**Task:** Whenever an image turns up, omit it and return the remaining data exactly.

**Data shown:**
--------------------------------
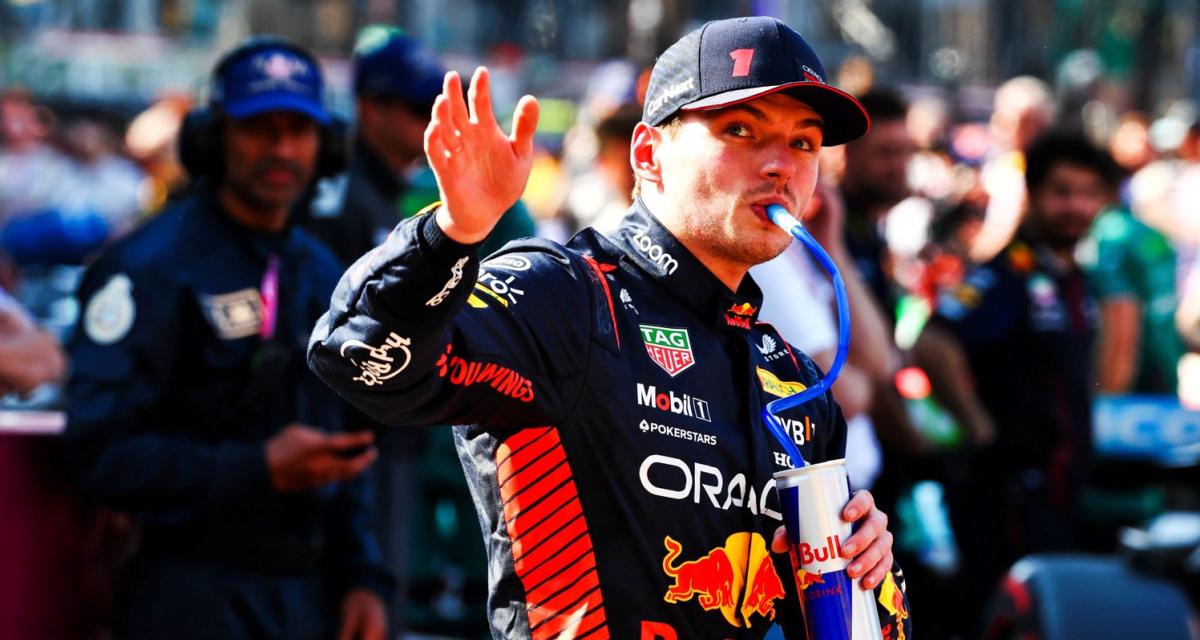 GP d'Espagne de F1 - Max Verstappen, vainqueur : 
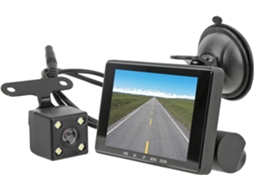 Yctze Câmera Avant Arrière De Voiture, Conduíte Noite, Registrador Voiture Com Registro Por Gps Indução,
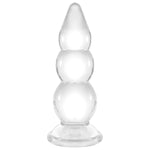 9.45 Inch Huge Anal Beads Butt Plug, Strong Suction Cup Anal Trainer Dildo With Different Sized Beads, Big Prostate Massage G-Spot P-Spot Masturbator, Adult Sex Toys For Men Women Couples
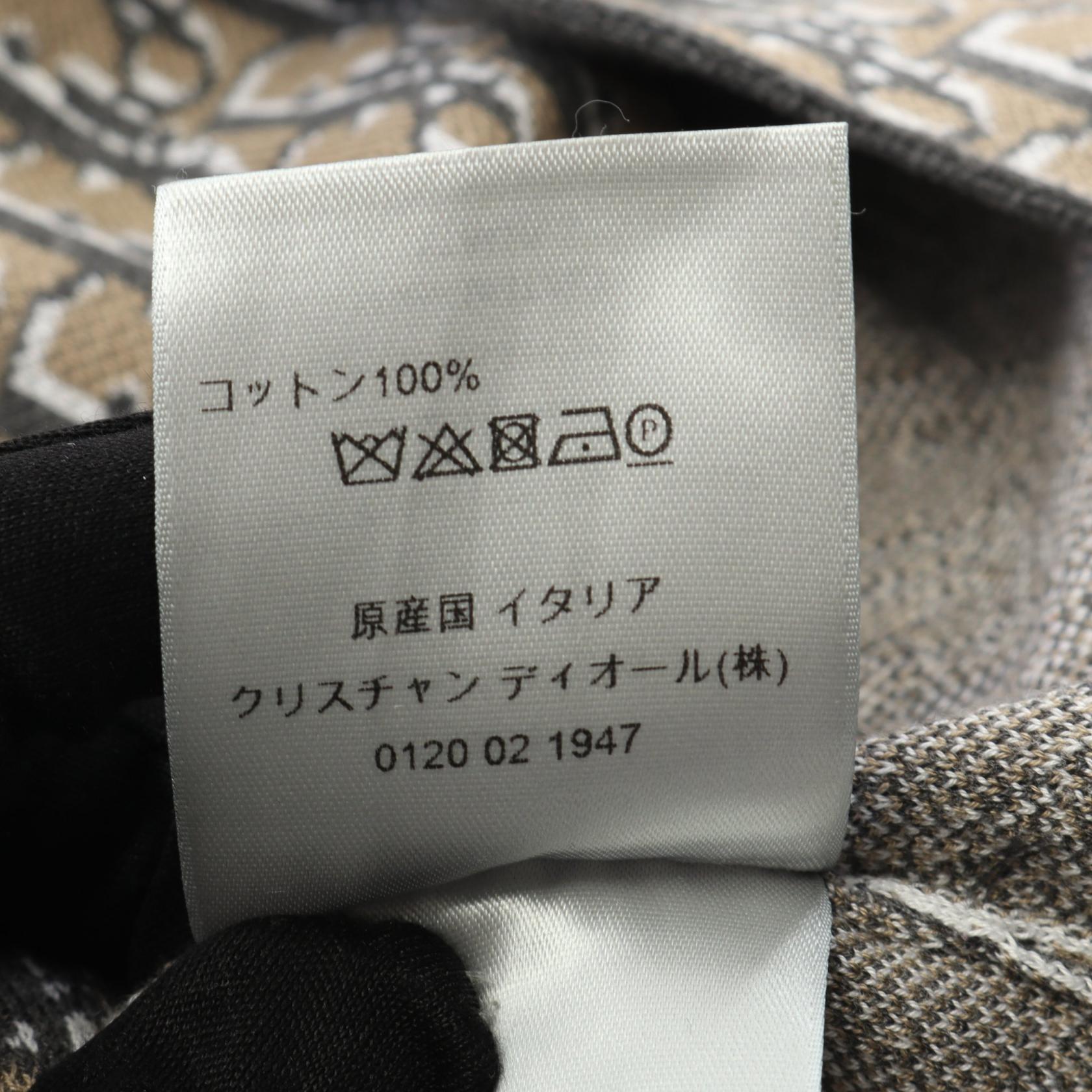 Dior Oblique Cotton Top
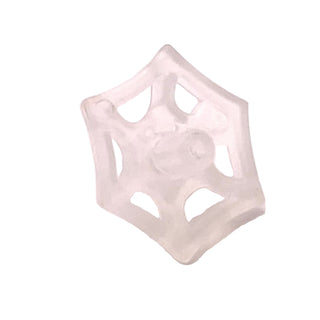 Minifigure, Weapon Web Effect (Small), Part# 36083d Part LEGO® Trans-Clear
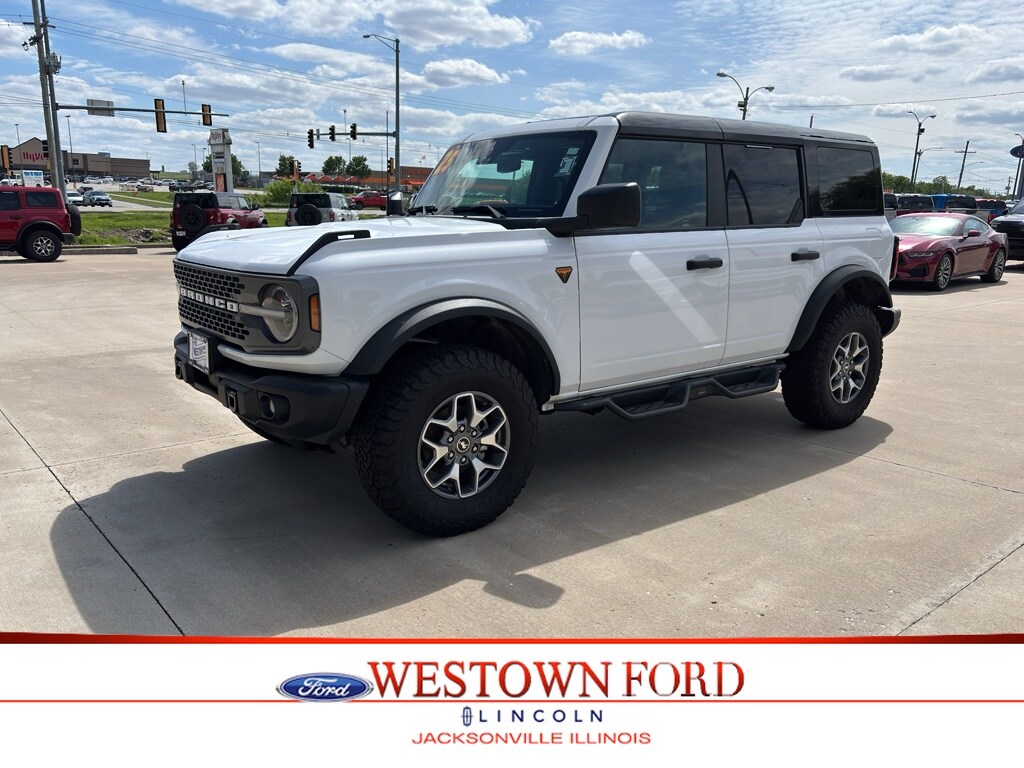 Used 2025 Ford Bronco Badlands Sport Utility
--------------------------------
**Task result:**
 GP d'Espagne de F1 - Max Verstappen, vainqueur : 
 Yctze Câmera Avant Arrière De Voiture, Conduíte Noite, Registrador Voiture Com Registro Por Gps Indução,
 9.45 Inch Huge Anal Beads Butt Plug, Strong Suction Cup Anal Trainer Dildo With Different Sized Beads, Big Prostate Massage G-Spot P-Spot Masturbator, Adult Sex Toys For Men Women Couples
 Dior Oblique Cotton Top
 Minifigure, Weapon Web Effect (Small), Part# 36083d Part LEGO® Trans-Clear
 Used 2025 Ford Bronco Badlands Sport Utility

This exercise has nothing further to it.